Several Consumers Found Squatters Occupying Their Residences; Others Complained Of Stolen Furniture And AppliancesNEW YORK - Attorney General Eric T. Schneiderman today announced a lawsuit against the Dominican business Consorcio Empresarial Emproy-Divisa; Danilo Diaz, the company’s president; Julio Balbuena, the company’s sales manager; Rivas Travel and Multiservice, Inc., a New York corporation; and David Rivas, the owner of Rivas Travel. The lawsuit, filed in Manhattan Supreme Court, alleges that the respondents incurred in a deceptive practice and false advertising in violation of several New York State laws.
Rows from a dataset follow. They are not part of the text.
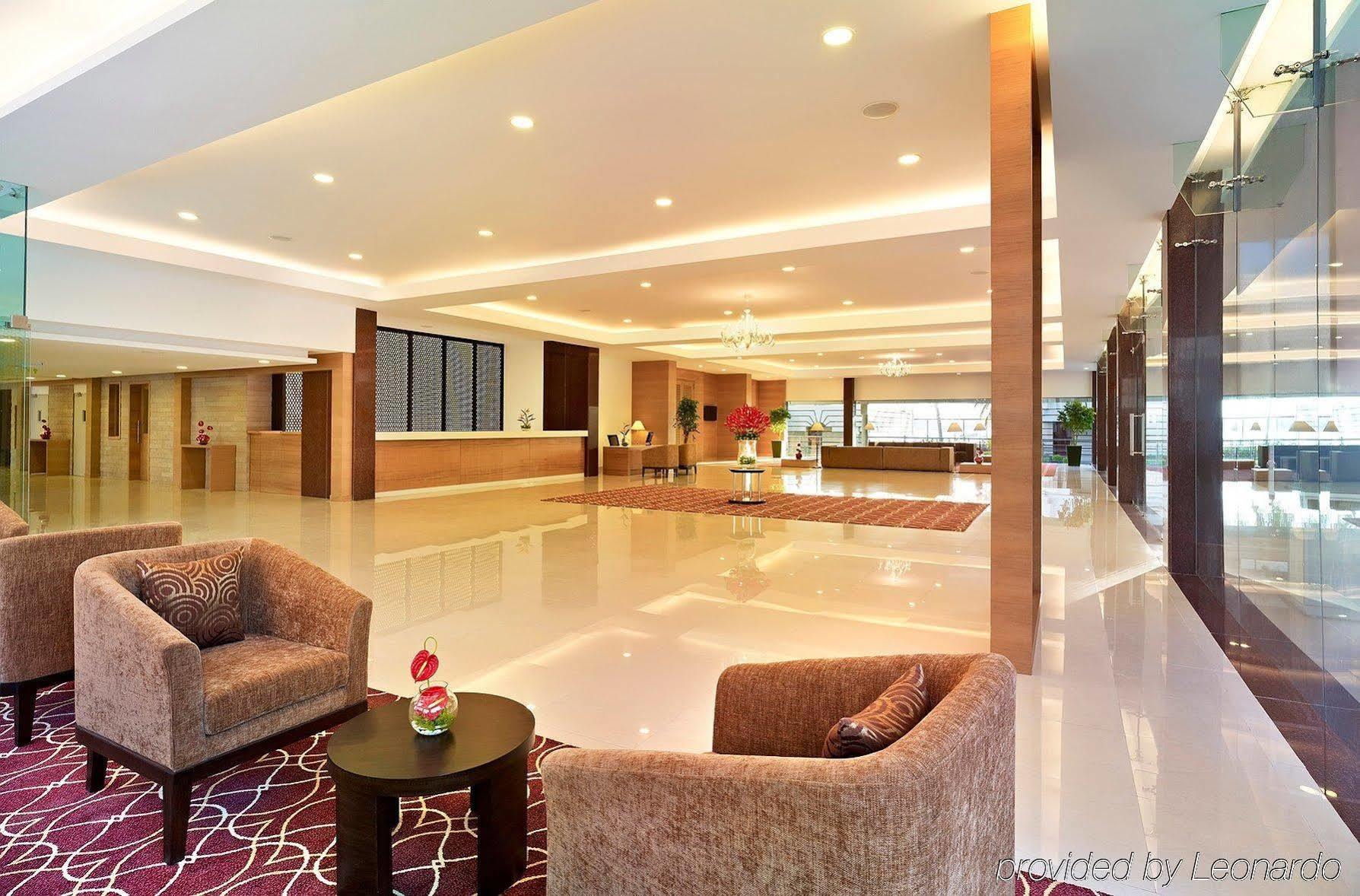 Hotel Naveen Lakeside Hubli Bagian luar foto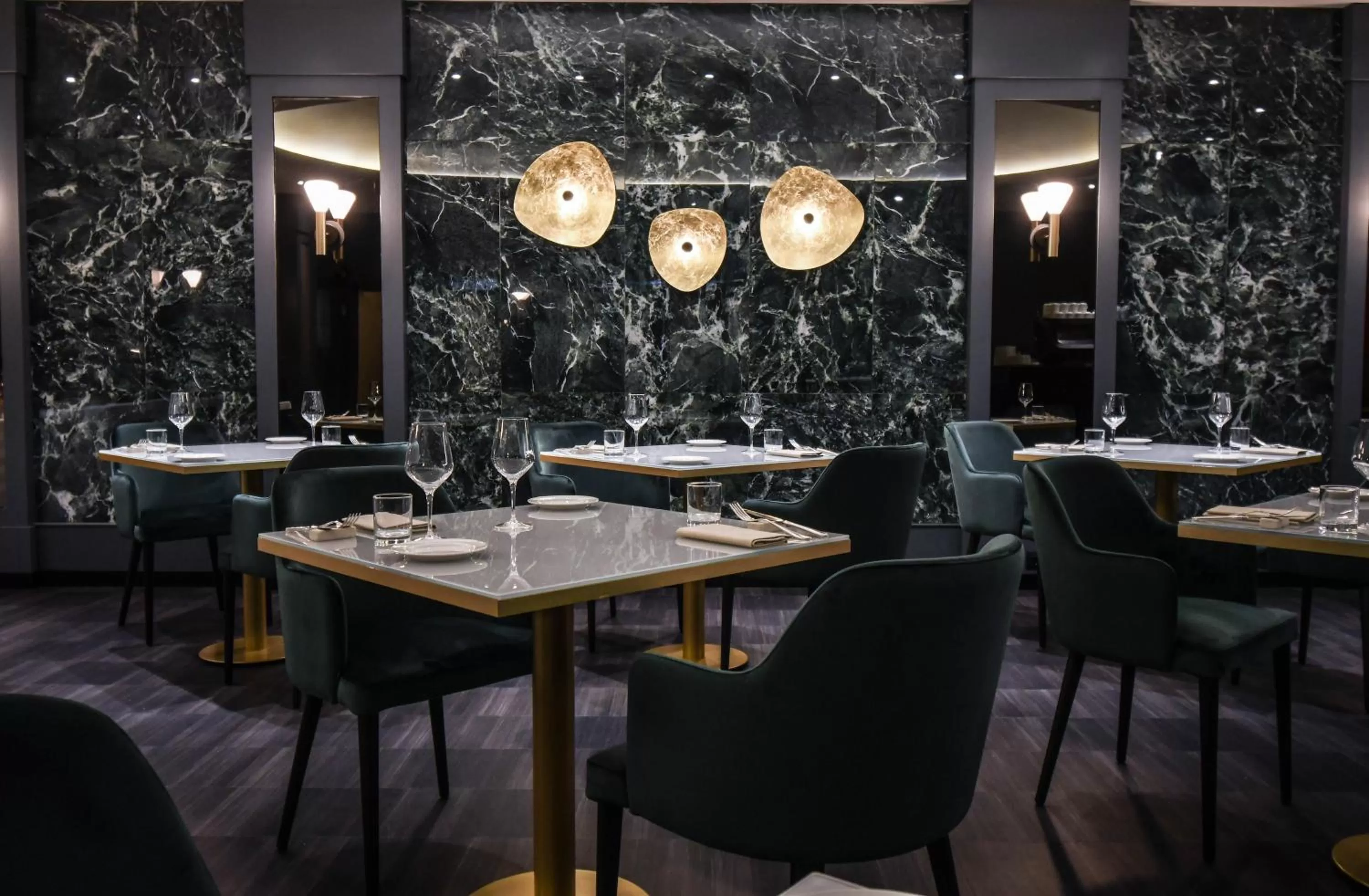 Restaurant/places to eat in Sina De La Ville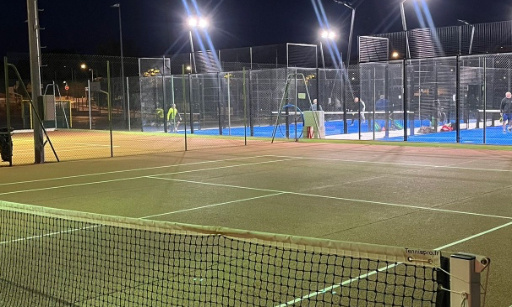 Demandons à la Mairie l’installation d’un éclairage efficace des courts de tennis !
From at least 2005 through 2008, Diaz and Balbuena promoted “Pueblo Bavaro,” a residential development in the Dominican Republic, through the dissemination of literature, pamphlets, and DVDs at several promotional events in Washington Heights community of New York City. Respondents operated from Rivas Travel, located at 4321 Broadway, New York, New York, and from a “Pueblo Bavaro Promotion Office” located at 220 Wadsworth Avenue, New York, New York from at least 2006 to 2011. Diaz, Balbuena, and Rivas prominently appeared in a television commercial aired on Telemundo that promoted Pueblo Bavaro. Respondents marketed Pueblo Bavaro as a beautiful Caribbean destination and a sound investment opportunity. It has been, in fact, the opposite.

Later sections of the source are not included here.